Doubts cast over U.S. strike on ‘Khorasan’ group

The United States is still assessing whether or not Mohsin al-Fadhli, a senior figure of the al-Qaeda-linked Khorasan group, was killed in a U.S. air strike in Syria, government officials said on Wednesday. One U.S. official, speaking on condition of anonymity, said earlier on Wednesday: “We believe he is dead.” But other officials said the extent of the damage caused to the Khorasan group by Tuesday’s airstrike was uncertain and they could not independently confirm the death of Fadhli or others. The Pentagon cautioned that any confirmation could take time.

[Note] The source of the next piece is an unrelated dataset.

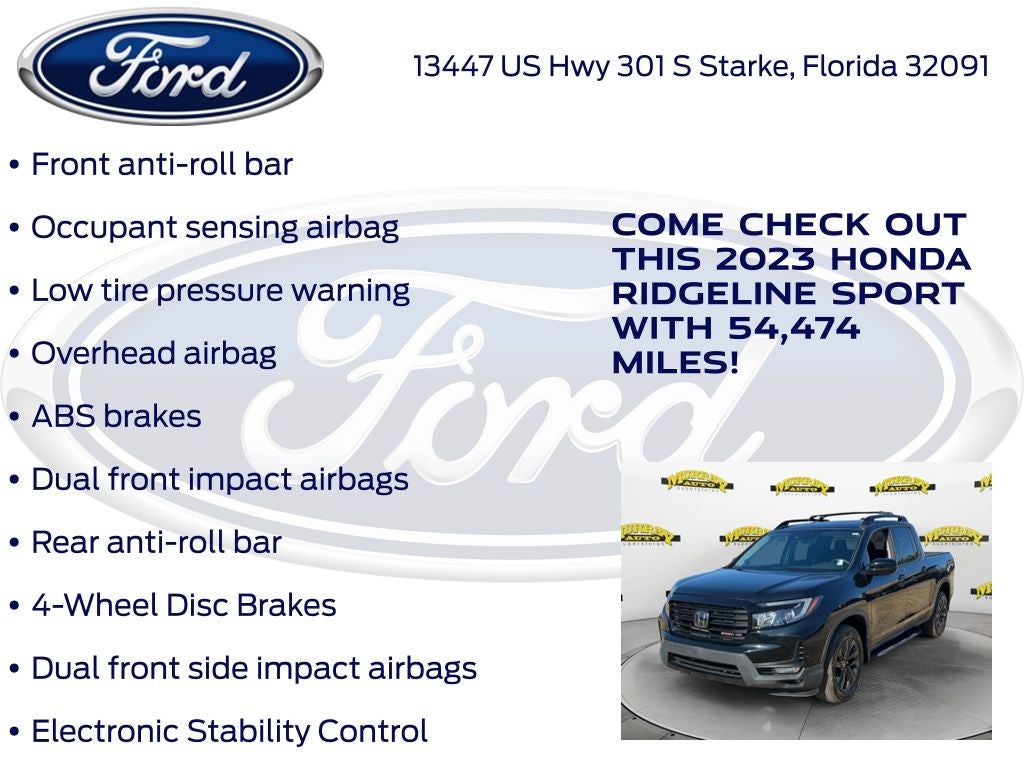 2023 Honda Ridgeline Sport -CERTIFIED-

White House spokesman Josh Earnest said he could not confirm any reports of Fadhli’s death. “The early indications are that the strikes were effective,” he told MSNBC. U.S. accounts of the Khorasan group, the attack on its base and on Fadhli himself have left open questions.

We don’t have personnel on the ground to verify, so we’re continuing to assess.

Spokesman Colonel Steve Warren

The air strikes against Khorasan followed lengthy surveillance of the group, U.S. officials said. They described it as a “network” of seasoned al-Qaeda fighters with battlefield experience mostly in Pakistan and Afghanistan, now working in league with al-Qaeda’s Syrian affiliate, the Nusra Front. They have used the chaos of Syria’s civil war as cover to try to devise new hard-to-detect bombs and recruit foreign militants holding Western passports to return home and eventually carry out attacks, U.S. officials said. Security agencies do not believe that Khorasan has yet managed to recruit fighters with western passports, they said.